- Kārlis Skalbe
- Born: 7 November 1879 Vecpiebalga parish, Russian Empire (now Latvia)
- Died: 14 April 1945 (aged 65) Stockholm, Sweden
- Occupation: writer
- Writing career
- Notable awards: Order of the Three Stars 3rd Class Order of the Lithuanian Grand Duke Gediminas

= Kārlis Skalbe =

Latvian writer

Kārlis Skalbe ( – April 14, 1945) was a Latvian writer, poet, and activist. He is best known for his 72 fairy tales, written for adults and children. He has been called the 'King of Fairytales', and his words, Tēvzemei un Brīvībai (For Fatherland and Freedom), are inscribed on the Monument of Freedom in Riga.
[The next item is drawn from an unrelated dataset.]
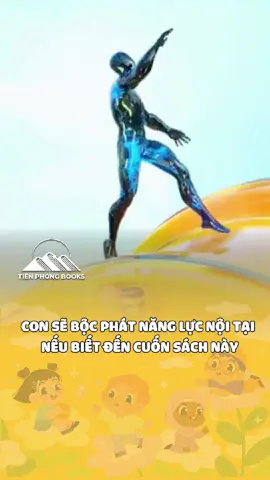 Con bạn không nhất thiết phải học giỏi, nhưng nhất định phải rèn luyện tố chất lãnh đạo... #tienphongbooks #khoidaykhananglanhdaochotre #sachnuoidaycon #sachthieunhi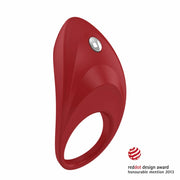 Ovo - B7 Vibrating Ring Red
== Childhood and schooling ==
Skalbe was born in Vecpiebalga Parish, in the heart of Vidzeme, symbolically the same year that one of the other greats of Latvian literature, the poet Auseklis (Miķelis Krogzemis), died in exile. His father Jānis was a blacksmith; his mother, Ede, was, like his father, a Piebalga native. The Skalbes had ten children of which Kārlis was the youngest; five of his siblings died in early childhood.

Skalbe's parents were devout Moravian Christians. Skalbe himself learned to read at 7, taught by his mother. Skalbe's mother took over as head of the household when his father died at 55, when Skalbe was only 8. Their means were meager—Skalbe's mother worked for neighbors as a menial laborer.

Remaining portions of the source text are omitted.